Under current offshore oil and gas rights, South Africa reserves 10% for the state during the exploration phase. If a commercial discovery is declared and a production right applied for, the state has an option to “back-in” and pays its participating interest share of costs on a go-forward basis. A further 10% must be divested to a Broad-Based Black Economic Empowerment (BBBEE) company at market rate, either in the exploration or production phase, again on a paying percentage share basis. The 2013 Bill is, thus far, unclear on the level of government take but indications contained in the explanatory memorandum suggest a potentially significant hike. Further changes in the 2013 Bill appear to include the applicability of the BBBEE Codes and the Section 100 Charter applying to the upstream sector. There is currently no binding charter relating to the petroleum sector, although the upstream sector is mentioned in the Petroleum and Liquid Fuels Charter (not a section 100 charter). In other industry sectors, the BBBEE divestment obligation is much higher than the 9% mentioned in the Petroleum and Liquid Fuels Charter as applicable to the upstream sector. However, there is acknowledgement of the high capital risk associated with the upstream sector – particularly during exploration and development – and the sums involved are huge. If the intention is that the oil and gas industry will have to comply with and adhere to the Mining Charter, then that 9% divestment obligation could rapidly become a 26% divestment.


On the fiscal side of the equation, South Africa currently looks attractive. Oil and Gas fiscal legislation is contained in Schedule 10 to the Income Tax Act 58 of 1962 and provides for corporate taxation of 28% for oil and gas companies, generous capital uplifts through the exploration phase and uplifts on development and production phases. In all, the current total “government take” makes South Africa attractive enough in the competition for investment capital for many of the world’s major and super-major oil and gas companies to want to invest. There is separate royalty legislation, being the Mineral and Petroleum Resources Royalty Act 28 of 2008, where a royalty is payable on production with a current cap at 5%.


The danger of the 2013 Bill is that its provisions are vague and so potentially dilutive to investors that many will re-model their project economics. Many of the most attractive hydrocarbon prospects in the South African offshore basin are technically very challenging and will require immense capital expenditure. It could well be 10-15 years before any successful development is brought to production and costs can begin to be recovered. There is a risk here that such strident changes to legislation before there is a proven hydrocarbon basin in South Africa, is simply premature. It is recognition of this point which illustrates most glaringly the need to develop a separate legal framework for the hydrocarbons industry.

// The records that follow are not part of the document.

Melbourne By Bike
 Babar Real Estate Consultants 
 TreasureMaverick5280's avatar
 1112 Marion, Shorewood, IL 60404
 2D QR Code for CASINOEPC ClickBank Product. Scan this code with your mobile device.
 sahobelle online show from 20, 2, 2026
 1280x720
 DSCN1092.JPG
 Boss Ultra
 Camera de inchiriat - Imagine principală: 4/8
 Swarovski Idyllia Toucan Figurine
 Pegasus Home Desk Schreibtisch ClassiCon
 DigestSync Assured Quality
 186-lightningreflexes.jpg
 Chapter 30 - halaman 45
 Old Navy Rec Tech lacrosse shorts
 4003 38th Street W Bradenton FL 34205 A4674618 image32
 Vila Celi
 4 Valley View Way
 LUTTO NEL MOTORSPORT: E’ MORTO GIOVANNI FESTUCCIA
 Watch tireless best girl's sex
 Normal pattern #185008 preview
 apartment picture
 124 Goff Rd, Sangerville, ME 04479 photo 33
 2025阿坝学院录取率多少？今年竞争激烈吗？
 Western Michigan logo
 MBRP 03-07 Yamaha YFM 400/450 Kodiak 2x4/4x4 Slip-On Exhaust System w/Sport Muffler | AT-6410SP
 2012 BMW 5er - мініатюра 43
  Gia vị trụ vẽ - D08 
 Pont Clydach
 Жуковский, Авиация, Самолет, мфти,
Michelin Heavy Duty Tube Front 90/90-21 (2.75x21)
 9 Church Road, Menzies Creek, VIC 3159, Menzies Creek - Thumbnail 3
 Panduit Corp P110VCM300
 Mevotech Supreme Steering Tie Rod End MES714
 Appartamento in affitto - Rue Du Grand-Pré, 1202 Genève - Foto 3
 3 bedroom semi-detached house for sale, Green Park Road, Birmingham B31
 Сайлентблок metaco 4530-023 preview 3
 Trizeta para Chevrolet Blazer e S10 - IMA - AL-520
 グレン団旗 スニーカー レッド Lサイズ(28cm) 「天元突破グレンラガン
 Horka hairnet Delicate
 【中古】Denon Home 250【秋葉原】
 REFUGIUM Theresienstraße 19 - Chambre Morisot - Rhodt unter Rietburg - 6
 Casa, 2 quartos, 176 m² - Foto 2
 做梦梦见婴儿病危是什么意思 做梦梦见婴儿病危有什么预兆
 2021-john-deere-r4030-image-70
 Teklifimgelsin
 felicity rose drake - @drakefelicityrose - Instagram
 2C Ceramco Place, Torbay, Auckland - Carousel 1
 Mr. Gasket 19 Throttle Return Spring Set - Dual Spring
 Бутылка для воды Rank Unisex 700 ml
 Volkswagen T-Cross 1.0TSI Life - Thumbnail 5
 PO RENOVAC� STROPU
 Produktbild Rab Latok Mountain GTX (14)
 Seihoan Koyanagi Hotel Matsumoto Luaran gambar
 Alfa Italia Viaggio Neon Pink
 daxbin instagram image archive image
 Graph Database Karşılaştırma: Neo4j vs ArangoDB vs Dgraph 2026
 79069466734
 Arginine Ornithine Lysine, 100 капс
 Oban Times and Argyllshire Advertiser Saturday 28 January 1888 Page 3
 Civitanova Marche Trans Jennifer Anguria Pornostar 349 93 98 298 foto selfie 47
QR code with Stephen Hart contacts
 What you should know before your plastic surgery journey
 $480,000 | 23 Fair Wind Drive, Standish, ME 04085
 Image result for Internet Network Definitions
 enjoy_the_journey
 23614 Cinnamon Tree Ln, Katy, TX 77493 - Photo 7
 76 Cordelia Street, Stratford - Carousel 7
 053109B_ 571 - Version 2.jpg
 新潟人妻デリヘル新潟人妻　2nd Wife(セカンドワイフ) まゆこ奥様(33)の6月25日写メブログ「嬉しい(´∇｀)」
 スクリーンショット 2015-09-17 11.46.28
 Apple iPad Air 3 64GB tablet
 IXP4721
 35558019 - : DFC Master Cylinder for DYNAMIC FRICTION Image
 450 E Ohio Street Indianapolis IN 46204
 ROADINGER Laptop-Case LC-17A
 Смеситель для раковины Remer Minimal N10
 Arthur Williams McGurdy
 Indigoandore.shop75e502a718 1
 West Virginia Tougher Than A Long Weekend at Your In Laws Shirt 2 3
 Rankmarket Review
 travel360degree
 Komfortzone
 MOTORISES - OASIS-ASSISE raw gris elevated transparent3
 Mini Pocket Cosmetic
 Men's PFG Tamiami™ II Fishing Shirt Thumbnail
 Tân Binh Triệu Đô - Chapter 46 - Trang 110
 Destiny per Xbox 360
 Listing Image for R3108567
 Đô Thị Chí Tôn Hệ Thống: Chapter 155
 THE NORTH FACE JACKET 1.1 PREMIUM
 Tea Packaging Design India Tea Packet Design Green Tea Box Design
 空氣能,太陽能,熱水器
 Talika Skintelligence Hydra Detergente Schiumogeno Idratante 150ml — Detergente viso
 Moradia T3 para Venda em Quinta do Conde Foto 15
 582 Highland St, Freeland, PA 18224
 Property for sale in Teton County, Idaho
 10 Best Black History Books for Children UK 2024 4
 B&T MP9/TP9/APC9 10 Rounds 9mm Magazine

The broad thrust of the changes set out in the 2013 Bill looks like a classic case of resource nationalism. The state has developed mineral resources policy to maximise the revenue and social change potential that a successful and thriving minerals and hydrocarbons sector could produce. Both PASA and the DMR learned very quickly from other mature hydrocarbon provinces around the globe that the oil and gas licencing regime needed to adapt. South Africa is headed towards a form of hydrocarbon licensing model used in many other jurisdictions where the state’s share of the upside of a project will be much greater.


However, a key differentiator in South Africa’s policy development is the constitutional imperative of social and economic transformation. Ministers must make policy which benefits historically-disadvantaged groups. All South Africans must share in the country’s mineral resource riches and the government has sought to achieve this with some vigour in the 2013 Bill.

The international oil and gas industry is used to and largely fully endorses the somewhat offensively termed “local content” element in host government instruments, but South Africa must go further in this respect. BBBEE is wide-ranging and touches all areas of social and economic life. In South Africa, international investors in the hydrocarbons sector may need to embrace an inverse concept where IOCs are the “international content”!


We are witnessing the growing development of government policy-making which is a balancing act between promoting and protecting the national interest on the one hand, and remaining competitive for international investment capital on the other. Looked at from the international investor perspective, South Africa is, like other rapidly-developing economies, re-evaluating its relationships with the “old order” and asking whether Europe and North America are in pole position any more. We have seen examples of such policy shifts in a few important examples in the mining and oil and gas sector.


Largely as a result of the scrutiny brought about by a BIT claim against South Africa, where Italian investors in the minerals sector brought an expropriation claim over BEE divestment obligations under the MPRDA, South Africa has revisited its so-called “first generation” BITs, which are those treaties signed in years immediately after 1994. It is the government’s intention to either cancel these treaties when they come up for renewal or to renegotiate them. South Africa has already signalled its intention not to renew its BIT with Belgium/Luxembourg. Ultimately, Canada did not ratify its BIT with South Africa over the inclusion of transformation carve-outs. Any BIT which allows claims touching on BBBEE issues will be renegotiated or presumably not renewed.  Similarly, international investors who were existing holders of OP26 sub-leases over offshore blocks were advised that as a matter of policy, there would be no international arbitration mechanism in the new exploration rights.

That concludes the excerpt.